Questo libro di Gianluca Padovan farà discutere!

E magari anche “storcere il naso” a parecchie persone. In ogni caso, Milano Celta: le tre fortezze, ha il coraggio e la pazienza di mettere assieme numerosi dati storici, archeologici e architettonici anche “sparsi”, coniugandoli con l’indagine sul campo non solo milanese.

Il risultato è tutto da leggere perché documenta, e in modo inequivocabile, che le radici preromane della metropoli oggi nota con il nome di Milano esistono e si sono mantenute per parecchi secoli dopo la “romanizzazione”. Per certi aspetti sono sempre state sotto gli occhi di tutti e già la prima di copertina, composta utilizzando una foto aerea della Regia Aeronautica Italiana, lo mostra con chiarezza. Si tratta dell’impronta lasciata da un impianto prossimo all’ellisse, con il cardo e il decumano celti ancora perfettamente leggibili.

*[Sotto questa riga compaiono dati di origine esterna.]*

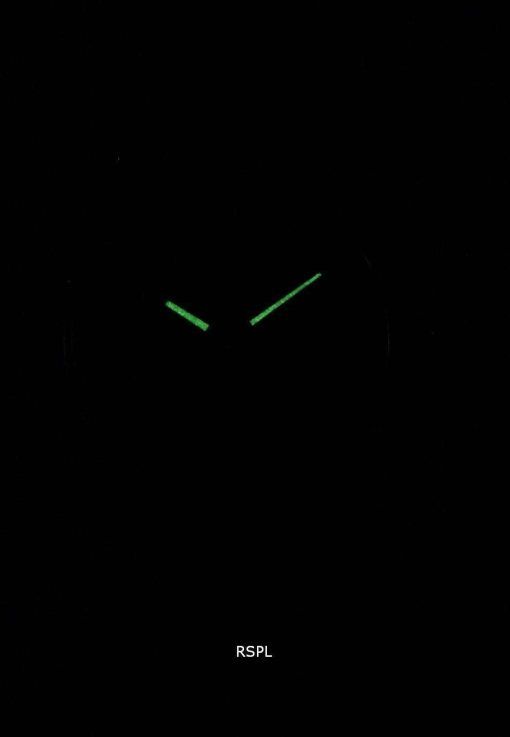 カシオ石英 MTP 1370 D-1 a1v メンズ腕時計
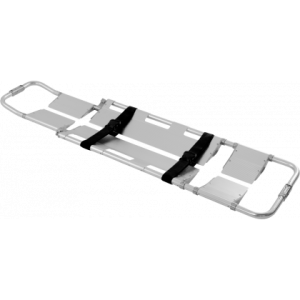 Civière de relevage en aluminium (longueur ajustable)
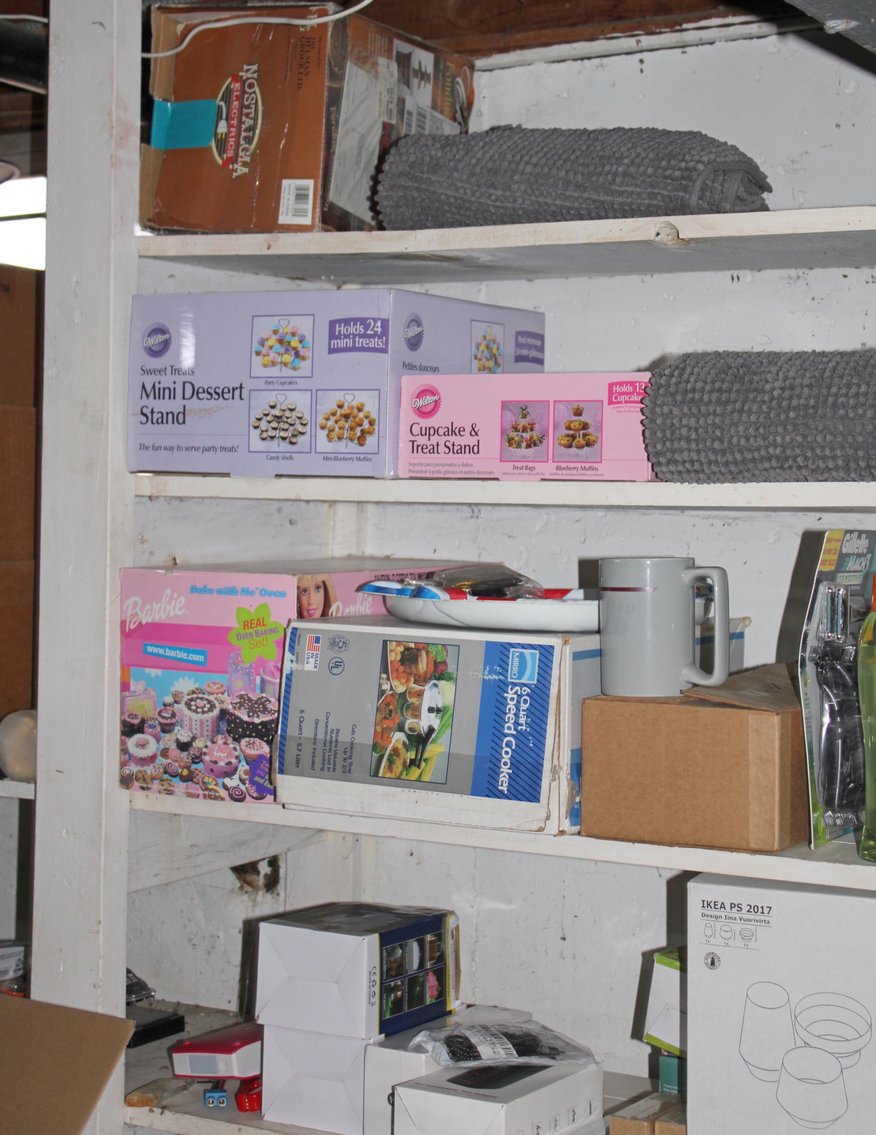 Image for FARM LIVING ESTATE AUCTION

Ma veniamo al contenuto del libro.

4.6

Dettaglio della «Ichonographiam Campi Martii antique urbis» di Giovanni Battista Piranesi: la pianta di questo edificio della Roma imperiale presenta una pianta “a croce celta” – Piranesi Giovanni Battista, Campus Martius antiquae urbis, Roma 1762 – (immagine tratta da Padovan Gianluca, Milano Celta: le tre fortezze, Lo Scarabeo Editrice in Milano, Milano 2014, fig. 4.6).

In primo luogo le indagini vanno a smentire l’affermazione di Polibio secondo cui «Tutti i Celti abitavano in villaggi non fortificati e privi di ogni mezzo di vita civile».

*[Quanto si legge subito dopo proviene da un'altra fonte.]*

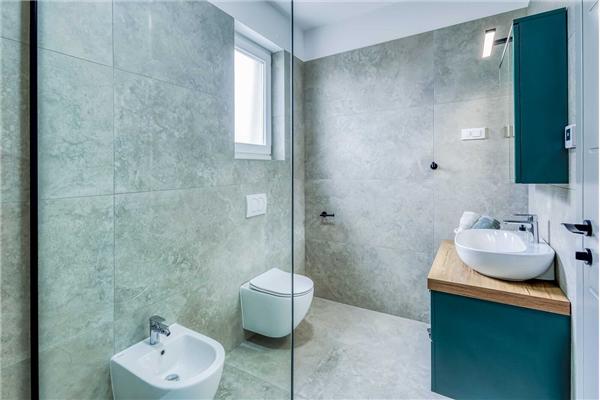 House K1, for 8 persons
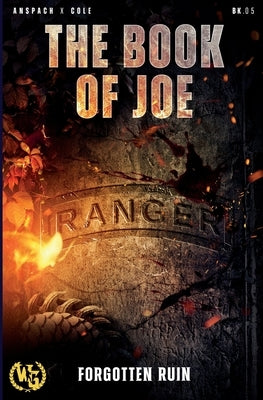 The Book of Joe Paperback Wargate Books
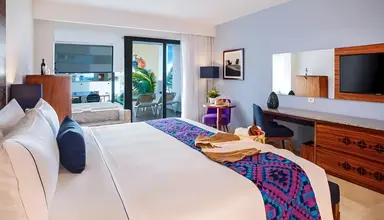 Sensira Resort Spa Riviera Maya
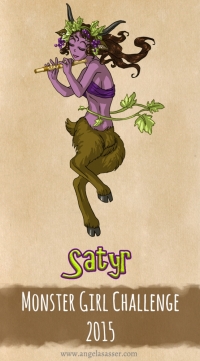 Satyr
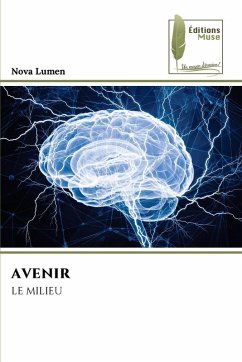 AVENIR - Lumen, Nova AVENIR - Lumen, Nova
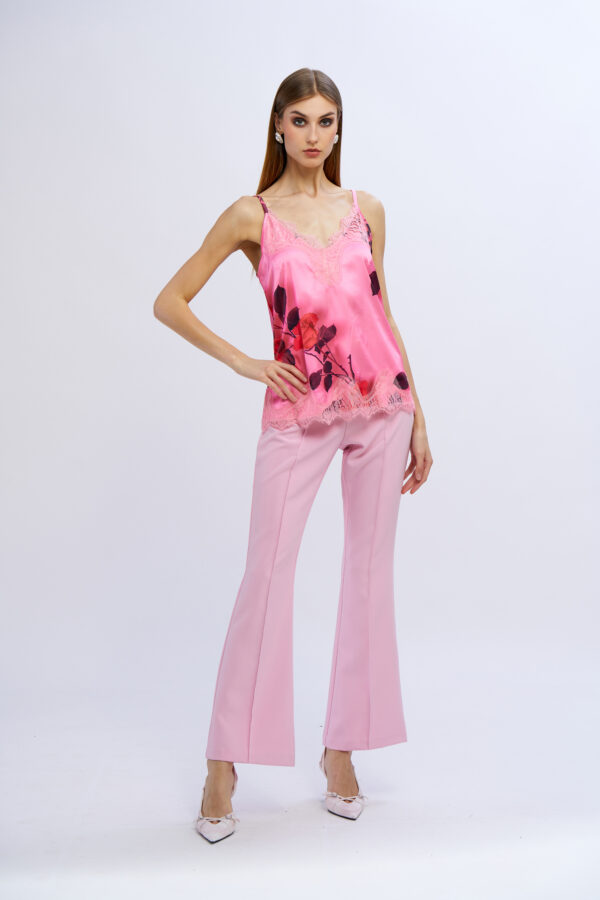 Nosecrets Top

Milano, o «Mediolanodunon», come la chiama l’Autore, era la capitale politica e religiosa dei Celti Insubri, i quali ricevettero pacificamente la grande migrazione di genti appartenenti ad altre popolazioni celte d’oltralpe: Ambarri, Arverni, Aulerci, Biturigi, Carnuti, Edui, Sènoni, guidati da Belloveso. E così la città fortificata e cinta da canali, già più grande di quanto storici e archeologi abbiano ipotizzato, s’ampliò ulteriormente. E le due fortezze celte divennero tre, dando alla città un aspetto assai articolato e ben definito.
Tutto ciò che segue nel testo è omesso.